[Scraped caption text data]
□ □ □ □

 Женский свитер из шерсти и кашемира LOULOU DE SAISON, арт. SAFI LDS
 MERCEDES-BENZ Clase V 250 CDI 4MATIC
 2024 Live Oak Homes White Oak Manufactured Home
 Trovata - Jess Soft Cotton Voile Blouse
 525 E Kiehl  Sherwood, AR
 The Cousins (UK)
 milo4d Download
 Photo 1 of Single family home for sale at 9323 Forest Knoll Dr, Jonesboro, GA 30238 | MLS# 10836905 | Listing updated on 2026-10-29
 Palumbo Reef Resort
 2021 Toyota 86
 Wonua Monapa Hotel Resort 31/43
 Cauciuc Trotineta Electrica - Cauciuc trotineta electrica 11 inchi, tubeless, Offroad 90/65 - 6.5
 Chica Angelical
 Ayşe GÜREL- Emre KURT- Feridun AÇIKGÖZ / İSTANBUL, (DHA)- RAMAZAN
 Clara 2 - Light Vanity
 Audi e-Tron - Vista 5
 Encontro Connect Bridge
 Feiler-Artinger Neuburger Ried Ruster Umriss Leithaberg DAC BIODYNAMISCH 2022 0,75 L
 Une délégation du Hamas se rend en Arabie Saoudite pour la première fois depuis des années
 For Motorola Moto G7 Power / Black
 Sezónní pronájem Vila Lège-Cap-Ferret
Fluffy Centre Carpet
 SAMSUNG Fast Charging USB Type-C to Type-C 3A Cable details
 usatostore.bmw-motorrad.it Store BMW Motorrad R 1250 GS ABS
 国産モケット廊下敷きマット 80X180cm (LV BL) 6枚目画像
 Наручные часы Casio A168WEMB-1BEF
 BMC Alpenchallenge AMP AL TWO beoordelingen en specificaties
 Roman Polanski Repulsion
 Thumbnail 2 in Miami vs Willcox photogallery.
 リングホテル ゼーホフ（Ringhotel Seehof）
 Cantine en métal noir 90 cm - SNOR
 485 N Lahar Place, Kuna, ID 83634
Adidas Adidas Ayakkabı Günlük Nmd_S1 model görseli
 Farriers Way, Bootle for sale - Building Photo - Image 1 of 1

□ □ □ □

TRY IT: Retype the records above in full. Every word should match.

EXPECTED ANSWER:
 Женский свитер из шерсти и кашемира LOULOU DE SAISON, арт. SAFI LDS
 MERCEDES-BENZ Clase V 250 CDI 4MATIC
 2024 Live Oak Homes White Oak Manufactured Home
 Trovata - Jess Soft Cotton Voile Blouse
 525 E Kiehl  Sherwood, AR
 The Cousins (UK)
 milo4d Download
 Photo 1 of Single family home for sale at 9323 Forest Knoll Dr, Jonesboro, GA 30238 | MLS# 10836905 | Listing updated on 2026-10-29
 Palumbo Reef Resort
 2021 Toyota 86
 Wonua Monapa Hotel Resort 31/43
 Cauciuc Trotineta Electrica - Cauciuc trotineta electrica 11 inchi, tubeless, Offroad 90/65 - 6.5
 Chica Angelical
 Ayşe GÜREL- Emre KURT- Feridun AÇIKGÖZ / İSTANBUL, (DHA)- RAMAZAN
 Clara 2 - Light Vanity
 Audi e-Tron - Vista 5
 Encontro Connect Bridge
 Feiler-Artinger Neuburger Ried Ruster Umriss Leithaberg DAC BIODYNAMISCH 2022 0,75 L
 Une délégation du Hamas se rend en Arabie Saoudite pour la première fois depuis des années
 For Motorola Moto G7 Power / Black
 Sezónní pronájem Vila Lège-Cap-Ferret
Fluffy Centre Carpet
 SAMSUNG Fast Charging USB Type-C to Type-C 3A Cable details
 usatostore.bmw-motorrad.it Store BMW Motorrad R 1250 GS ABS
 国産モケット廊下敷きマット 80X180cm (LV BL) 6枚目画像
 Наручные часы Casio A168WEMB-1BEF
 BMC Alpenchallenge AMP AL TWO beoordelingen en specificaties
 Roman Polanski Repulsion
 Thumbnail 2 in Miami vs Willcox photogallery.
 リングホテル ゼーホフ（Ringhotel Seehof）
 Cantine en métal noir 90 cm - SNOR
 485 N Lahar Place, Kuna, ID 83634
Adidas Adidas Ayakkabı Günlük Nmd_S1 model görseli
 Farriers Way, Bootle for sale - Building Photo - Image 1 of 1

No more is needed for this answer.